Solo puede tener como resultado el desastre.
Porque el precio de los altos beneficios es… el riesgo eterno.
Cualquier fondo de inversión que no genera altos retornos
y por tanto, no toma riesgos extremos, sufre una desinversión
en los mercados altamente competitivos, en los que el
dinero cambia de manos con solo tocar una tecla. Así, hay
una compulsión competitiva para tomar riesgos temerarios
crecientes en búsqueda de altos retornos que temporalmente
atraen inversiones. La especulación, el riesgo y el miedo son
estructuralmente endémicos del capitalismo financiero. El
miedo mismo se convierte en fuente de más especulación
—comprando oro o futuros, por ejemplo. La especulación y
el juego se extiende desde Wall Street a todos los sectores de
la sociedad: el precio de la vivienda, las loterías del Estado,
casinos, bingos, porras, cartas de Pokemon; todo el mundo
juego, incluso los niños. El entrelazado de especulaciones es
la fuente de su intratabilidad y de la ampliación del espacio
de sus efectos. De modo que la crisis fi nanciera de 2007-2008
tiene los siguientes momentos: viviendas muy a sobreprecio
especialmente cerca de los centros financieros en auge; competencia
entre instituciones financieras para ofrecer crédito fácil
a todo el mundo; el empaquetado de hipotecas domésticas en
papel negociable; niveles muy altos de compras apalancadas; y
el uso de activos cuyo valor puede desaparecer en el instante
de titulizar otras inversiones incluso aun más arriesgadas. No
es solo que la crisis se extienda de un sector a otro. Es más bien
que la crisis en un sector (como el inevitable fin de la burbuja
inmobiliaria) tiene efectos exponenciales en los demás (bancos
de inversión desplazados a especulaciones de alto riesgo) hasta
el punto que las pérdidas se acumulan más allá del poder de
rescate de los estados y las instituciones financieras. De ahí la
tendencia hacia la catástrofe.
Civilización y filantropía
Cuando la especulación y el juego se convierten en algo normal,
la fuente original de la creación de valor, el trabajo realizado
sobre recursos del medio, se pierde en la memoria. El dinero
sale de la nada especulativa más que de las actividades reales,
visibles y conocibles. La especulación financiera no regulada
es lo más cercano a una economía dirigida por la agresión y el
propio interés egoísta (cf. Freud, 1966). Los financieros ganan
más en unos segundos al teléfono que el 99% de nosotros
puede ganar en toda una vida de duro y entregado trabajo.
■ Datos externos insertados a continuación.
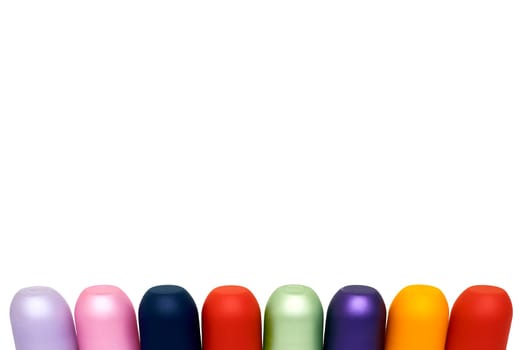 Multicolored bright cones cylinders caps and place for text on white
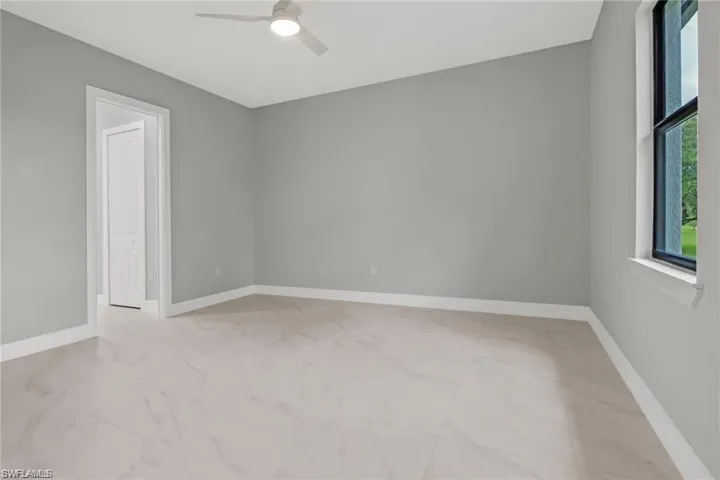 Unfurnished room with ceiling fan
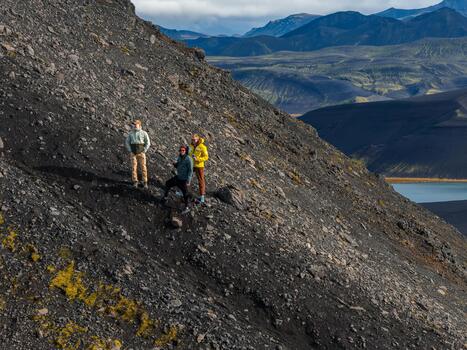 Three hikers stand on a steep volcanic slope with moss patches, a cobalt lake, and layered highlands in Iceland, crisp daylight casting long shadows and sharp textures. photo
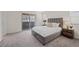 Bedroom featuring a plush bed frame, sliding glass door and neutral decor at 12521 Lylan Ridge St, Las Vegas, NV 89138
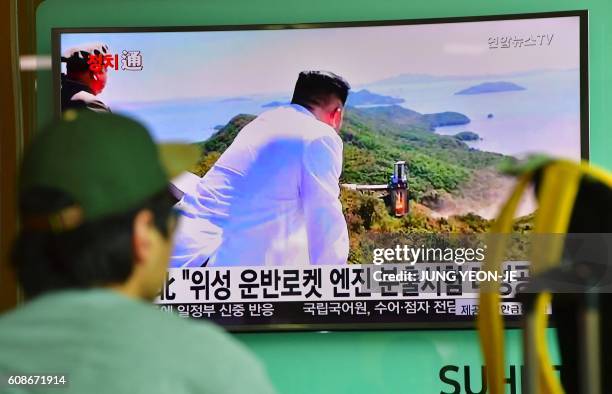 Man watches a television news report showing North Korean leader Kim Jong-Un looking at the country's latest ground test for a rocket engine, at a...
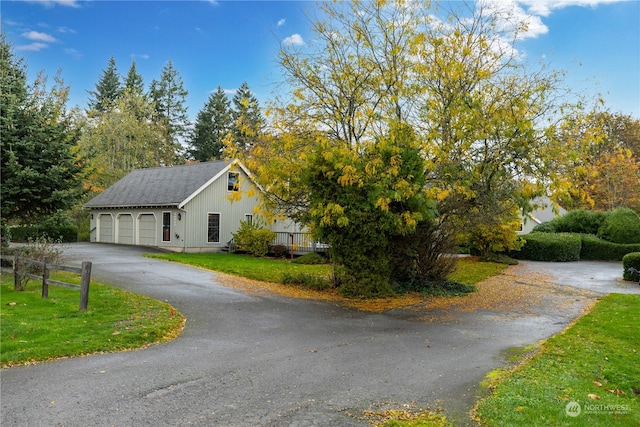 view of property exterior featuring a garage and a lawn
Los trabajadores son despedidos, los propietarios de viviendas
desposeídos, pero el gestor de los fondos no es testigo de esos
atroces hechos, ni siquiera le importan. Hay muchos otros intentando
irrumpir ahí donde el inversor ético teme hacer daño.
Y si la intermediación de las mercancías en las relaciones de
producción conduce a una sociedad alienada (Marx, 1967: cap.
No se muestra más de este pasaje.